Cynthia and I are parents to Emily (26), Amanda (24), Ethan (19), Olivia (14), and Isaac (13). That’s right, five kids, which makes us the 7 Upps. We live in Spokane, WA. I have a Bachelor’s degree in French from Reed College (Portland, Oregon) and a Master’s in French from the University of Washington (Seattle). Somehow, I ended up in the high tech industry, where I have been working for 25 years. Between formal education, work, and volunteering for a variety of organizations, I’ve developed skills in communication, negotiations, partnering, organization, and problem solving (and, of course, technical skills). I look forward to using all of these to help the IFCR defeat the monster that first raised its head when our Olivia was only two months old.

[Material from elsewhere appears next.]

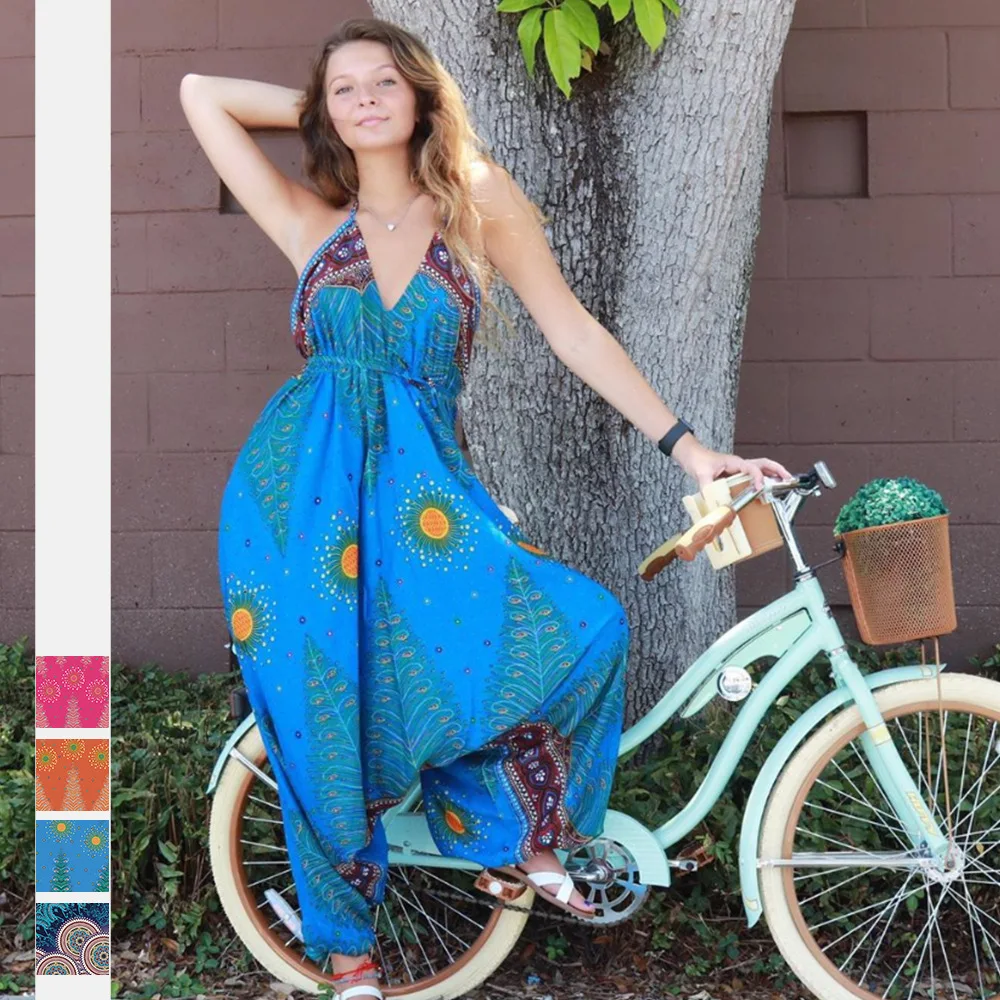 Женский дворцовый комбинезон на спине Летний с V-образным вырезом Повседневная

Although Olivia had her first spasms at two months, it took another 10 years before a specialist in Seattle was able to determine that she had CDKL5. Learning that has changed nothing and everything. Nothing, because it offered no new treatment or cure. But it changed everything because now our enemy had a name, and we had a new focus. Our mission from that day forward has been to defeat CDKL5. We were so excited to find the IFCR and the support group on Facebook. Cynthia and I have been the West Coast Family Support Regional Representatives for the IFCR for a couple of years now, and I was honored to be asked to join the Board of Directors of the IFCR in 2016. I am so encouraged to be able to work together with such an amazing group of parents and incredible leaders to take on this terrible condition. I know together we will prevail! Our angels are depending on it.

Miriam Blase

I am honored to serve on the IFCR Board and looking forward to furthering the work already done towards finding a cure for our children and supporting families on their CDKL5 journey. Our son, Landon, was diagnosed with infantile spasms and CDKL5 in 2010. Since then, I have been actively seeking out ways to connect with other families who have children with disabilities through the Facebook support group. I have also worked on the sponsorship committee for the IFCR Family Conferences in 2014 and 2016. I am passionate about finding care teams, resources and education to help parents so CDKL5 children can have the best quality of life possible. With Landon in tow, my husband, Bryan, and I are aspiring runners locally in our hometown of Atlanta, GA. I have spent the last 13 years in corporate financial services with JP Morgan, and I hold an M.A. Industrial Psychology from New York University.